** TO DO **
If a record contains a picture, skip the picture and transcribe the rest exactly.

Excerpts from a dataset
##########

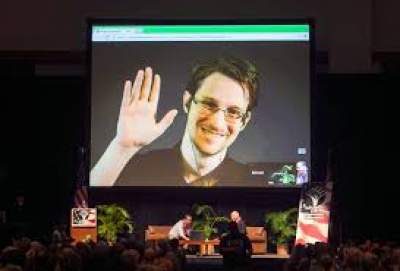 Espionaje, crimen contra el público: Edward Snowden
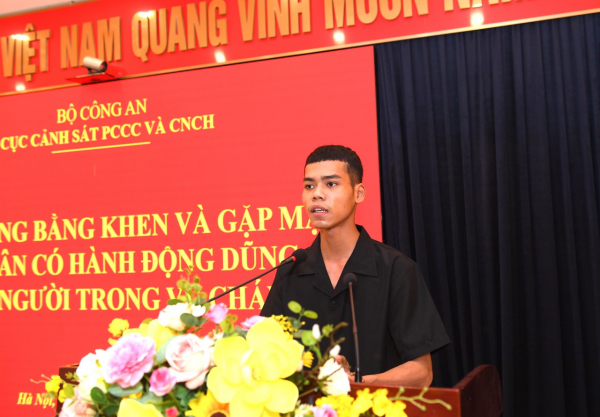 Trao tặng Bằng khen của Bộ Công an và gặp mặt các cá nhân có hành động dũng cảm cứu người trong vụ cháy -0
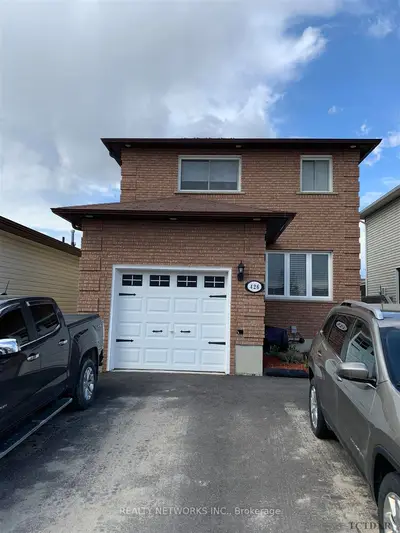 426 Lonergan Boulevard, Timmins, On P4p 1e1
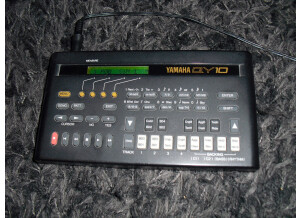 Yamaha QY10 (90948)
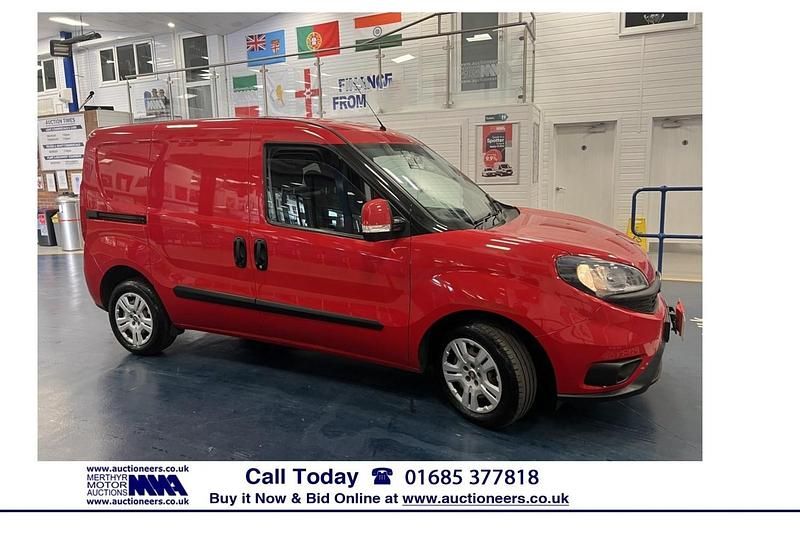 Used Fiat Doblò 95 HP (69 kW) 2018 Red MPV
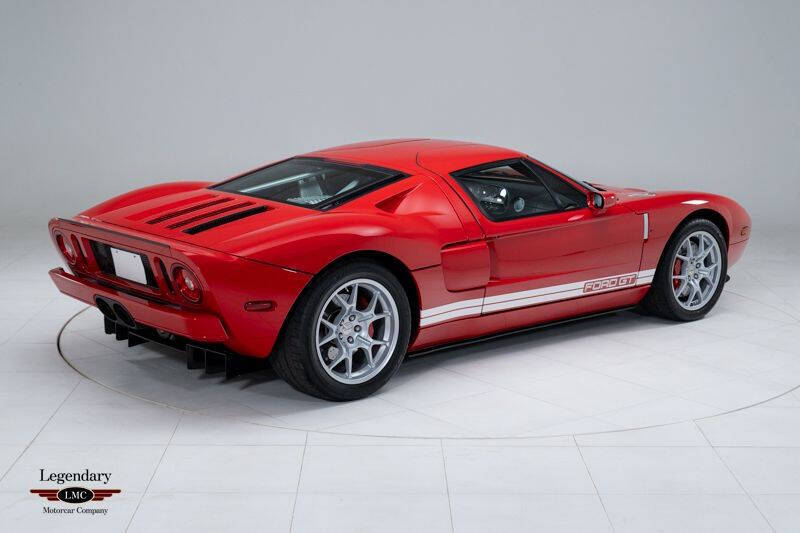 2005 Ford GT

##########

** RESULT BELOW **
 Espionaje, crimen contra el público: Edward Snowden
 Trao tặng Bằng khen của Bộ Công an và gặp mặt các cá nhân có hành động dũng cảm cứu người trong vụ cháy -0
 426 Lonergan Boulevard, Timmins, On P4p 1e1
 Yamaha QY10 (90948)
 Used Fiat Doblò 95 HP (69 kW) 2018 Red MPV
 2005 Ford GT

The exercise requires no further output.